Andy named the bittersweet part honestly: some of the joy of the job was crafting something beautiful, and managing agents at scale isn't the same craft. But Francois argued the trade is a promotion, not a demotion: “You are enabling the entire company to thrive inside. So I think it's much more rewarding,” he says.

The skills that make a great analyst—curiosity, domain knowledge, a healthy skepticism about a number that looks off—are exactly the skills that make a great agent manager.

Are dashboards still relevant now that AI can answer questions directly?

Andy raised the obvious risk: if anyone who can write a prompt can build a dashboard, do we just recreate "Excel hell" and "dashboard hell" all over again—an AI dashboard hell? 

Francois's answer was governance by design.

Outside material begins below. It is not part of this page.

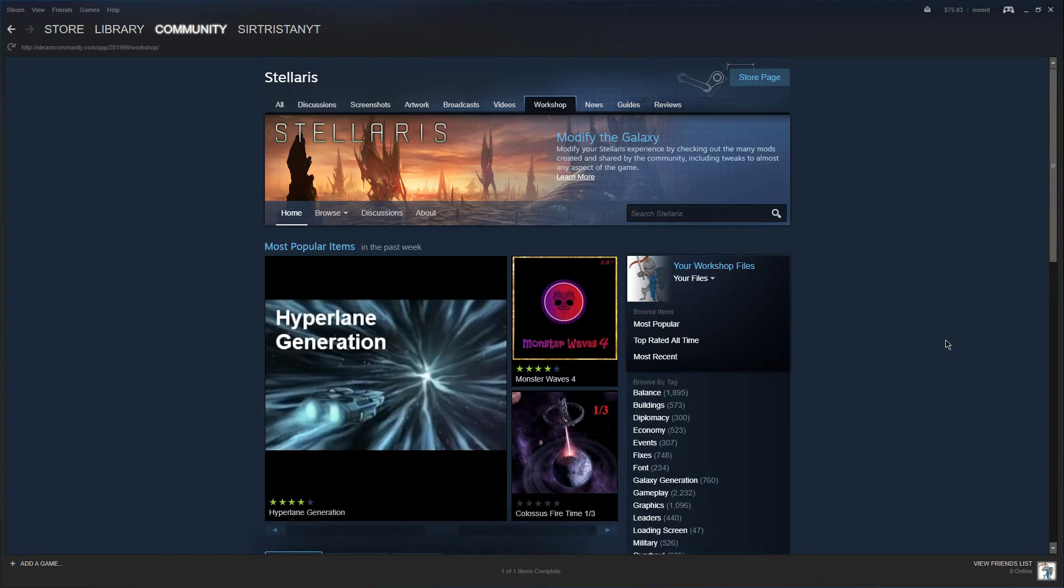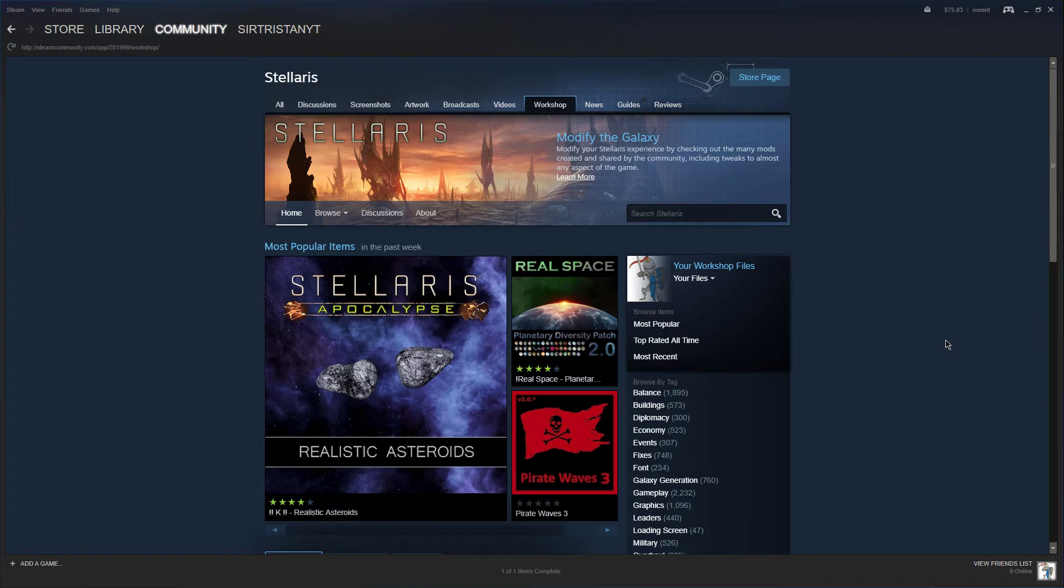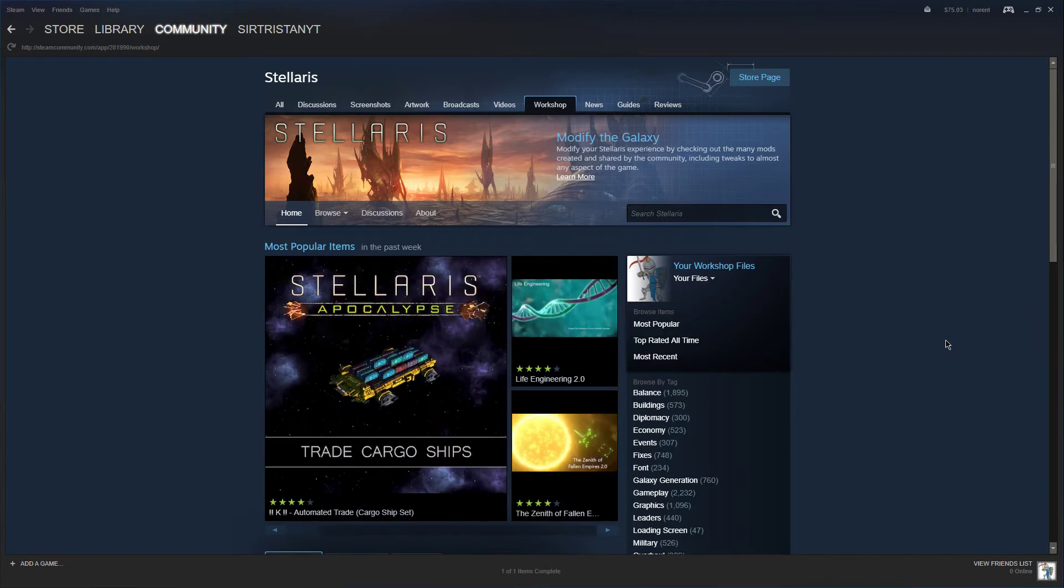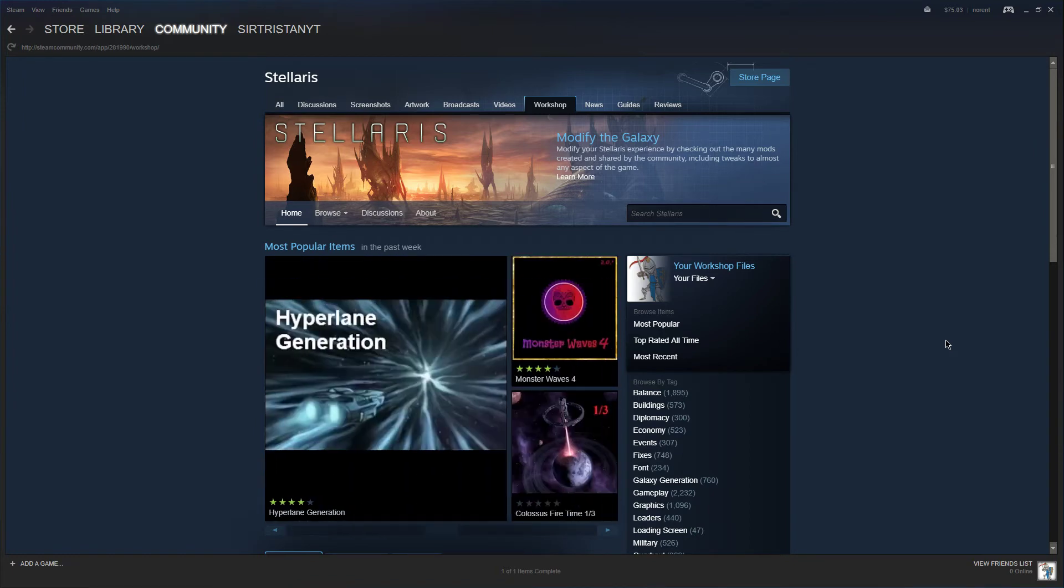I wanted to try something a little bit different with at least the first episode. I'm going to be streaming on Twitch how I build the first episode of season two of the mod spotlight series.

Because generated output is grounded in the semantic layer, what you create is validated before it exists, rather than a free-floating result you can't trace.

Across ThoughtSpot's usage, the split between dashboard consumption and conversational analytics sits at roughly 50/50. People still want a Monday-morning artifact they can glance at. 

What's changing is the form factor - now the standard is dashboards that are personalized and dynamic, shaped by your role and your recent questions, rather than static reports everyone shares.

Where is AI analytics heading next?

The throughline across all of it is the same: AI analytics is only as trustworthy as the architecture and governance behind it. 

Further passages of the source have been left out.